The UAE Corporate Tax framework includes a general interest deduction limitation. For most groups, net interest expense exceeding AED 12 million is subject to a cap of 30% of EBITDA. Smaller groups often assume this doesn't apply to them, but the threshold is lower than many founders expect when multiple intercompany loans are stacked across entities.
The UK applies similar restrictions through its Corporate Interest Restriction rules, which also use a 30% of EBITDA ratio but with additional group-level calculations. If your group spans both jurisdictions, you need to model the deductibility limits in each country separately. For groups with entities in Pillar Two scope, the interaction between interest limitation rules and the global minimum tax adds another layer of complexity that thin capitalisation analysis alone won't capture.

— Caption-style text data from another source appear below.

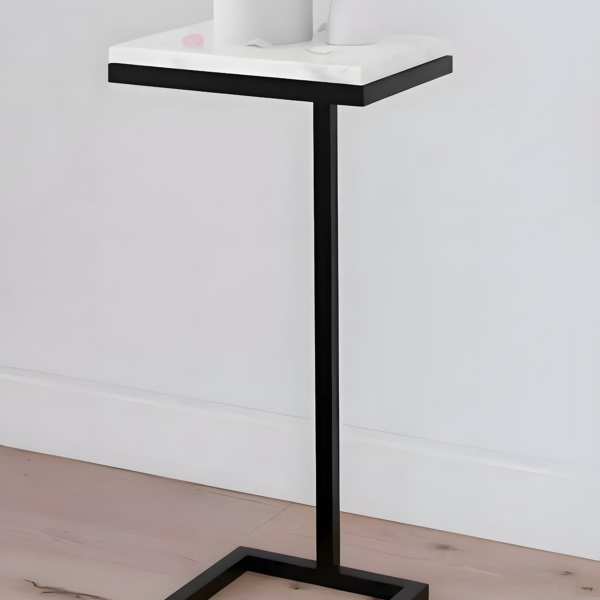 C-Shaped Side Table with White Marble Top - Black & White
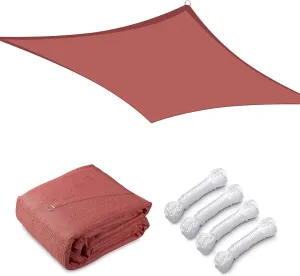 Yescom 1 Pack 13'x19' Rectangle Sun Shade Sail Red 95% UV Block Outdoor Patio Pool Garden Yard Carport Lawn Cover Net Awning Canopy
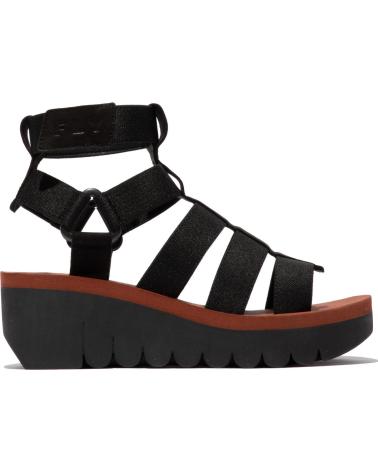 SANDALIA DE CUÑA FLY LONDON YUFI 032 NEGRA NEGRO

The practical takeaway is this: don't assume that just because you've set an arm's length rate, the full interest charge is deductible. Run the thin capitalisation numbers before you finalise the loan amount. Sometimes the right answer is to fund part of the investment as equity and part as debt, rather than structuring everything as a loan that creates a deduction the borrower can't actually claim.
The intercompany loan template, and what should be in it
A strong intercompany loan agreement doesn't need to be 40 pages long, but it does need to cover specific terms that demonstrate commercial substance. Generic templates downloaded from the internet are dangerous because they rarely reflect the actual economics of your transaction, and an auditor will spot the disconnect immediately.
Your agreement should include:
- The principal amount and currency
- The interest rate, including whether it's fixed or floating, and the benchmark it references (SOFR, SONIA, or an equivalent published rate)
- The drawdown date and maturity date
- A repayment schedule with specific dates and amounts
- Security provisions, or an explicit statement explaining why the loan is unsecured
- Default provisions and consequences, because a real lender would include them
- Governing law and dispute resolution
- Signatures from authorised representatives of both entities
Beyond the agreement itself, keep a transfer pricing file that includes the benchmarking analysis, the credit assessment of the borrower, and any correspondence showing how the terms were negotiated. If the loan is modified at any point, document the amendment formally and update the transfer pricing analysis. The IRS applies the same discipline under Section 482 for any transactions involving US entities, so if your group includes a US subsidiary or parent, a consistent documentation standard across all jurisdictions avoids conflicts when multiple tax authorities review the same arrangement.
The difference between a loan that survives an audit and one that gets reclassified as equity almost always comes down to whether the documentation tells a coherent, commercial story. An auditor should be able to read your file and conclude that two independent parties could have reached the same arrangement. If that story doesn't hold together, no amount of post-hoc justification will fix it.
Getting intercompany loans right is one part of a broader group tax and accounting function. If you're building a multi-entity structure and need the financing to sit properly within it, how you set up the holding company and how you choose your holding jurisdiction are decisions that shape what loan arrangements are available and defensible. The time to structure intercompany loans properly is before the money moves, not after the audit notice arrives. If you're unsure whether your current arrangements would hold up, have them reviewed by a transfer pricing specialist now, while you still have time to fix them.